Captioned web images:
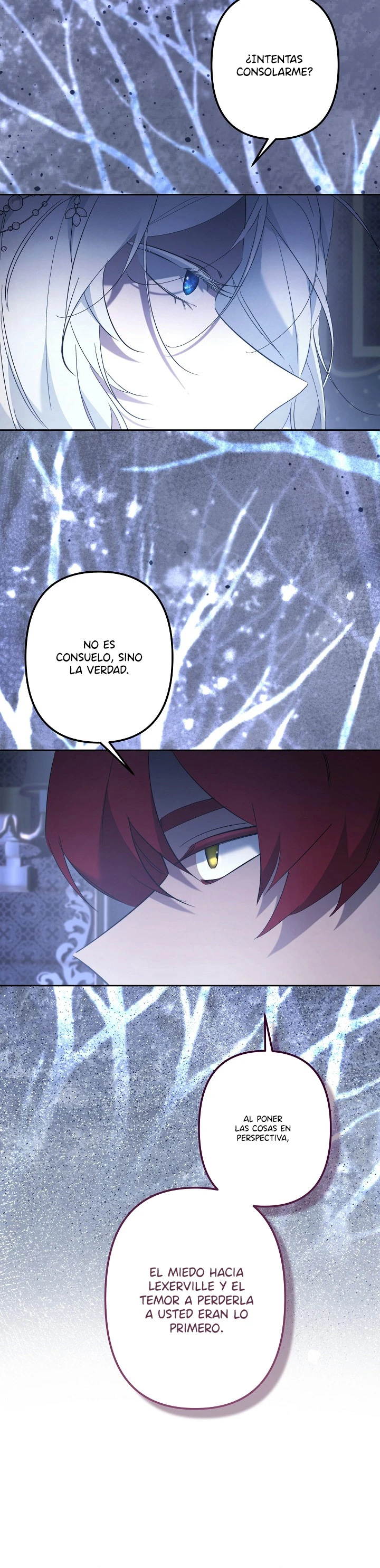 Una hermana mayor debe educar bien a su hermana menor Capitulo 156 página 5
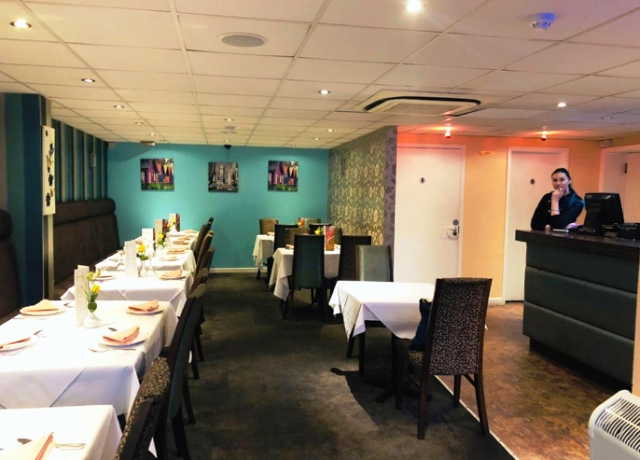 Indian Restaurant in Southampton For Sale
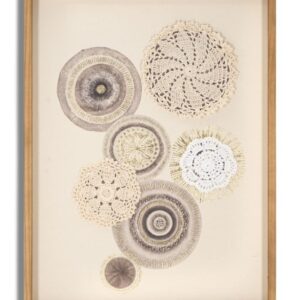 WANDBEDRUKKING CIRCLY MET APPLICATIE CIRCLY CM 45X3,2X60 - 322790000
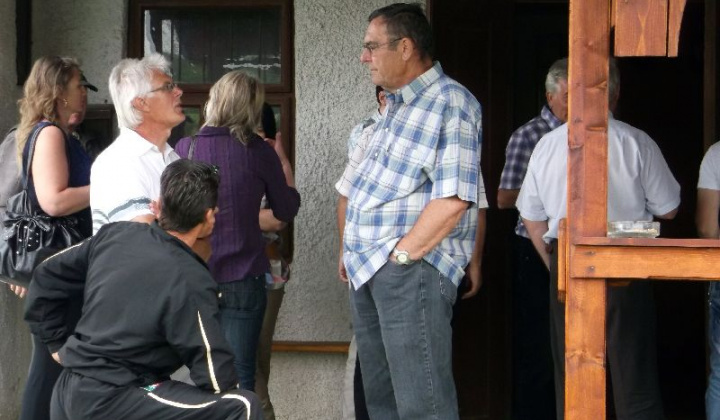 9. fotografia fotogalérie Glabušovce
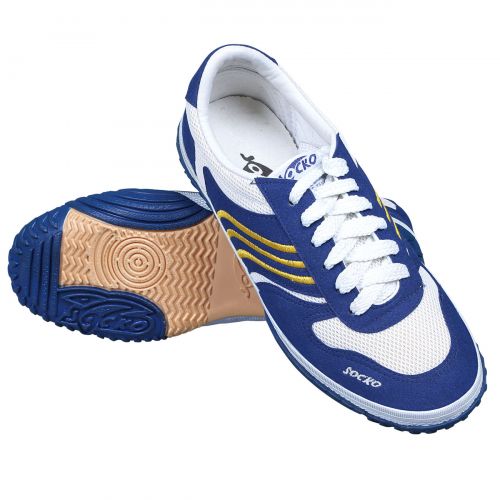  Chaussures tennis de table uniGenre SOCKO - Ref 850208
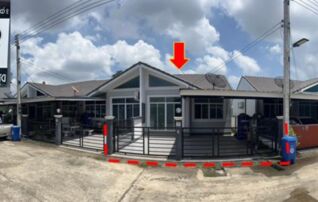ทรัพย์สถาบันโดย GHB ทาวน์เฮาส์ อินฟินี้ตี้โฮมโป่งไผ่2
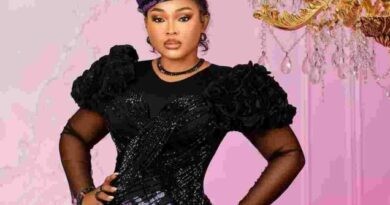 Mercy Aigbe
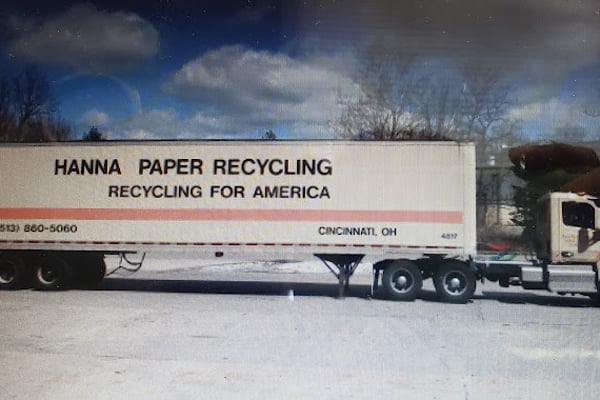 hanna paper recycling & document shredding llc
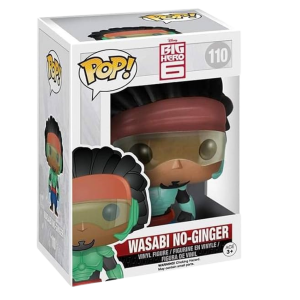 Wasabi No-Ginger #110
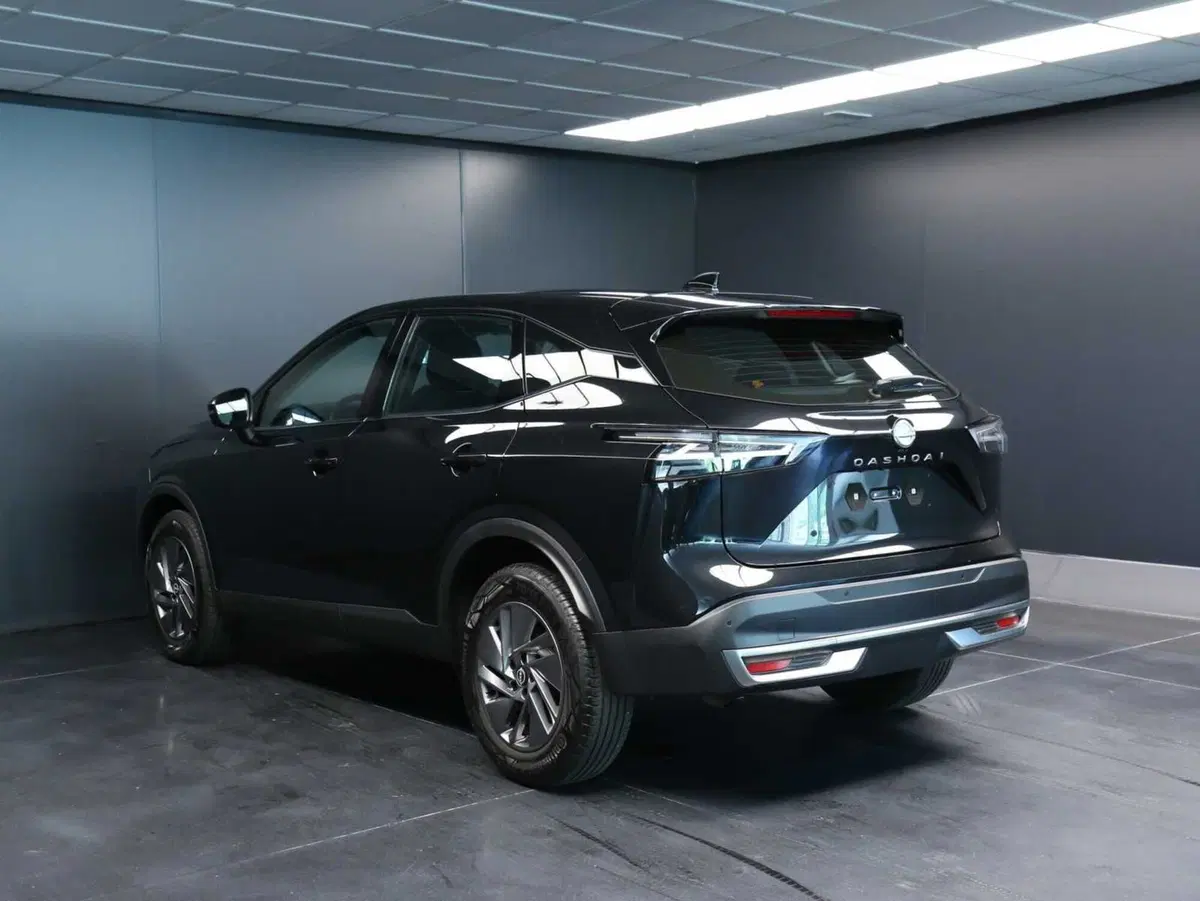 Nissan Qashqai usata a Venezia (5)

Exercise details: Each line from the one containing "Chaussures tennis de" to the final line of the data must be printed exactly, both included, with nothing else and no pictures.

Result of this exercise:
  Chaussures tennis de table uniGenre SOCKO - Ref 850208
ทรัพย์สถาบันโดย GHB ทาวน์เฮาส์ อินฟินี้ตี้โฮมโป่งไผ่2
 Mercy Aigbe
 hanna paper recycling & document shredding llc
 Wasabi No-Ginger #110
 Nissan Qashqai usata a Venezia (5)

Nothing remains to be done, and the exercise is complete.